■ Provided entries:
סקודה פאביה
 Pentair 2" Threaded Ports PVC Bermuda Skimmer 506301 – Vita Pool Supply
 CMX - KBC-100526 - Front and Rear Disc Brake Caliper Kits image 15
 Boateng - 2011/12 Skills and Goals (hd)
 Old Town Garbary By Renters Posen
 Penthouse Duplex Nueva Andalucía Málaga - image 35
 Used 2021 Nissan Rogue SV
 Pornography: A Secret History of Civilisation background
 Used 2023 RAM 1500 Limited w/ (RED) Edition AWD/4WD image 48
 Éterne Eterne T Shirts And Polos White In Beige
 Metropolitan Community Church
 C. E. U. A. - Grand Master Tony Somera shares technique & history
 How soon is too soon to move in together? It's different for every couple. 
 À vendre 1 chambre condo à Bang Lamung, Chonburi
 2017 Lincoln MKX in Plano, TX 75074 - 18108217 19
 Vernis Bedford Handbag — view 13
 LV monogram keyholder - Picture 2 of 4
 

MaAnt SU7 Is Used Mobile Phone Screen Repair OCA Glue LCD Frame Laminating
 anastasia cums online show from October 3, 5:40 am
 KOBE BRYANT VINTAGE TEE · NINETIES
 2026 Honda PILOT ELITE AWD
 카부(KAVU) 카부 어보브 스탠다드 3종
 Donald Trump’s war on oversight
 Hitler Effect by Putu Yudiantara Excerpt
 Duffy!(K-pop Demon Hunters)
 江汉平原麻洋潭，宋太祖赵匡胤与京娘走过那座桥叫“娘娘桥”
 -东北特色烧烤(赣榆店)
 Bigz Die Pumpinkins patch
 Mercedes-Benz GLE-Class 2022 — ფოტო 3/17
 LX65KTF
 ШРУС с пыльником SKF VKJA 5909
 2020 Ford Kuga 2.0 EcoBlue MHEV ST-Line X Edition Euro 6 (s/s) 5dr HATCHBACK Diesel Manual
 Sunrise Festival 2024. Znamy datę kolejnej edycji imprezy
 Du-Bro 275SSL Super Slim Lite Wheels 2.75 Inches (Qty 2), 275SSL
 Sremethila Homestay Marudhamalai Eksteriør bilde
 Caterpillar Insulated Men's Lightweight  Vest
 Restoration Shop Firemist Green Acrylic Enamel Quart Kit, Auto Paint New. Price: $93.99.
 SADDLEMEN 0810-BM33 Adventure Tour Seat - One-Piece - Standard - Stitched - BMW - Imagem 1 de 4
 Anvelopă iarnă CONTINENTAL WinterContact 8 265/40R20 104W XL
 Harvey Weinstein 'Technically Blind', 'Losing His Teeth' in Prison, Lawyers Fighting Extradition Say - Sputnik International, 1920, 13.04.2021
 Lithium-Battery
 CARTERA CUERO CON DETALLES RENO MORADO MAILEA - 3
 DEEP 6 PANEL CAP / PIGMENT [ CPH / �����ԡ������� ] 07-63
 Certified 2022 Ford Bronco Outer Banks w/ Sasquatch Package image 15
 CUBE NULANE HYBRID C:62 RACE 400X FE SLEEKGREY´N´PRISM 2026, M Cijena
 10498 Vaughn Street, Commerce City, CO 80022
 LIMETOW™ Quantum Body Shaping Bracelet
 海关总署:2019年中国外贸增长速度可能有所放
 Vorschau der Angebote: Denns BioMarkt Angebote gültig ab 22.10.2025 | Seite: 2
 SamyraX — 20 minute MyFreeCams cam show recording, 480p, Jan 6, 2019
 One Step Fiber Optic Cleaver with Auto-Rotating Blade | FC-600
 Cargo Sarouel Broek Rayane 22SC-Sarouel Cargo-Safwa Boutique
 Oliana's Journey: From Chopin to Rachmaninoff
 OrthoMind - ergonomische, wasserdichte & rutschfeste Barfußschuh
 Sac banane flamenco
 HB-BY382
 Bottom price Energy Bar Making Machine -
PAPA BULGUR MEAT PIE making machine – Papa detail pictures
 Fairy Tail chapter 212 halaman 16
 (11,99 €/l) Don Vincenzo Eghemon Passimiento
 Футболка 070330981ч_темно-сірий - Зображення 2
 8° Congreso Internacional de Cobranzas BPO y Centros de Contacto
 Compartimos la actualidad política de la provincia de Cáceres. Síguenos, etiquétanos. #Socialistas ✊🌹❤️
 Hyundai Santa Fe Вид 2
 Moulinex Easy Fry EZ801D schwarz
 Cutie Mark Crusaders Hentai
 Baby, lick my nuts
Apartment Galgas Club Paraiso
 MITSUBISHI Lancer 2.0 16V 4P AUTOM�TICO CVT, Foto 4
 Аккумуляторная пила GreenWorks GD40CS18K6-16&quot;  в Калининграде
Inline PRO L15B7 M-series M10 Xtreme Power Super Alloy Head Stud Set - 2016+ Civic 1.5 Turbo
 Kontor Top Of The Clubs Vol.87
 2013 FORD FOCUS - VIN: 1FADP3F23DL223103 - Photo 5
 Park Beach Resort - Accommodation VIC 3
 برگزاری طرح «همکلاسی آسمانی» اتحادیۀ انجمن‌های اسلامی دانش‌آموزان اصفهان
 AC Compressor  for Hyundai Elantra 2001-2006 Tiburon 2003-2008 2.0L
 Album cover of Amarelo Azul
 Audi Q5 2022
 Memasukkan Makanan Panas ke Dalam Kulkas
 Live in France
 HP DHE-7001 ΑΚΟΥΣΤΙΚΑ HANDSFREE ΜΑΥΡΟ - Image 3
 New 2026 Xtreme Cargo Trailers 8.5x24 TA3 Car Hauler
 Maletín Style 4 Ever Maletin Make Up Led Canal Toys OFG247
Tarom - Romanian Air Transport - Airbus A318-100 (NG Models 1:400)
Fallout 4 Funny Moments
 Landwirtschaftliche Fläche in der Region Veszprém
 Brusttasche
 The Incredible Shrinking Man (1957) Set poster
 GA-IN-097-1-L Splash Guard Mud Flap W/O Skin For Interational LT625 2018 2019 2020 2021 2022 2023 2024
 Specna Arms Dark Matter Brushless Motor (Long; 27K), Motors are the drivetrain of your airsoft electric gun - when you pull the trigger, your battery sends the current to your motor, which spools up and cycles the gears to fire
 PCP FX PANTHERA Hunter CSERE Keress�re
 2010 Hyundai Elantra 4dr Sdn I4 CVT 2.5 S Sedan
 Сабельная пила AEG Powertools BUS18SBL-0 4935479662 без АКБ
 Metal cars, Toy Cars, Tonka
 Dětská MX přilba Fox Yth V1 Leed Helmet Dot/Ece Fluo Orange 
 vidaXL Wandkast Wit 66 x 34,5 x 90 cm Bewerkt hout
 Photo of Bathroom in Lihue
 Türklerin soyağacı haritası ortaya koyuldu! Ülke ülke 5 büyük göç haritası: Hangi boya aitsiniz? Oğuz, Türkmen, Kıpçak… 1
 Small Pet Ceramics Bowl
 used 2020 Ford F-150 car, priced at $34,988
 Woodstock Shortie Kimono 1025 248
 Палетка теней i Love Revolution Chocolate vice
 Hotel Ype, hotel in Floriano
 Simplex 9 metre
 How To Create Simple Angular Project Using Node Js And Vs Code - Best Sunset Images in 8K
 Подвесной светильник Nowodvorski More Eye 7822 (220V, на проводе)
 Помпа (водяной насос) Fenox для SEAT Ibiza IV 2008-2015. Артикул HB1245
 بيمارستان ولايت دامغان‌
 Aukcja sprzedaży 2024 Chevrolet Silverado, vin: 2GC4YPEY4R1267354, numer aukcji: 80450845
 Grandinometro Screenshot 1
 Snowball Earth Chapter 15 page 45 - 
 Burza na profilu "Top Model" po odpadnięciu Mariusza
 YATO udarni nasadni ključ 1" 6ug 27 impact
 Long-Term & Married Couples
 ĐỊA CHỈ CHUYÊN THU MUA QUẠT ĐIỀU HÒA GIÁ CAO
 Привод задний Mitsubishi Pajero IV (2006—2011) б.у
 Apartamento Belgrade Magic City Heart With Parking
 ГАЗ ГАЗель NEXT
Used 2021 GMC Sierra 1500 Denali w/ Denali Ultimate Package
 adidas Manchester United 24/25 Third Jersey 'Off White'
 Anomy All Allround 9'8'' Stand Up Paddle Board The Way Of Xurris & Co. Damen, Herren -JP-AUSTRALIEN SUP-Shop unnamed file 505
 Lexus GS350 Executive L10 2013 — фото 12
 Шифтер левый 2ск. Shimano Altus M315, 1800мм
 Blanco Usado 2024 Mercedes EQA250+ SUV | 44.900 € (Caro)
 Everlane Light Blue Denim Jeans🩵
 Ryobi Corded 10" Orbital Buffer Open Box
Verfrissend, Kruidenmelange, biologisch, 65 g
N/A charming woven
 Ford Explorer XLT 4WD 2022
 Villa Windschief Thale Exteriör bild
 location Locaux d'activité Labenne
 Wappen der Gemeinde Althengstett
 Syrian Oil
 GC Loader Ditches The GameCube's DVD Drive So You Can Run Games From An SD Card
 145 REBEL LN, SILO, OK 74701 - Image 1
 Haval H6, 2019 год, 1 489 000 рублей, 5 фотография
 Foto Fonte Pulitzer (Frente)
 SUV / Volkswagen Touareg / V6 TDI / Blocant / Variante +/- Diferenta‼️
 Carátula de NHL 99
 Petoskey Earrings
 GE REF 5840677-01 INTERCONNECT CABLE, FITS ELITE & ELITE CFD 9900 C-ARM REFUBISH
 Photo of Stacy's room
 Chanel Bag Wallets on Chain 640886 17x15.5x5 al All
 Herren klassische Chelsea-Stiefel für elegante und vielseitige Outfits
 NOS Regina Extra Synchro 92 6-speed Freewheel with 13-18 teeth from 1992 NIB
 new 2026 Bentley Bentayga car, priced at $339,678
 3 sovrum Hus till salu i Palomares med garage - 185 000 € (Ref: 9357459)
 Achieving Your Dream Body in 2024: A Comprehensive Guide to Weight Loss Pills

■ What to produce:
Return a copy of each line in the entries that carries the string "White".

■ Response to the task:
 Éterne Eterne T Shirts And Polos White In Beige
 adidas Manchester United 24/25 Third Jersey 'Off White'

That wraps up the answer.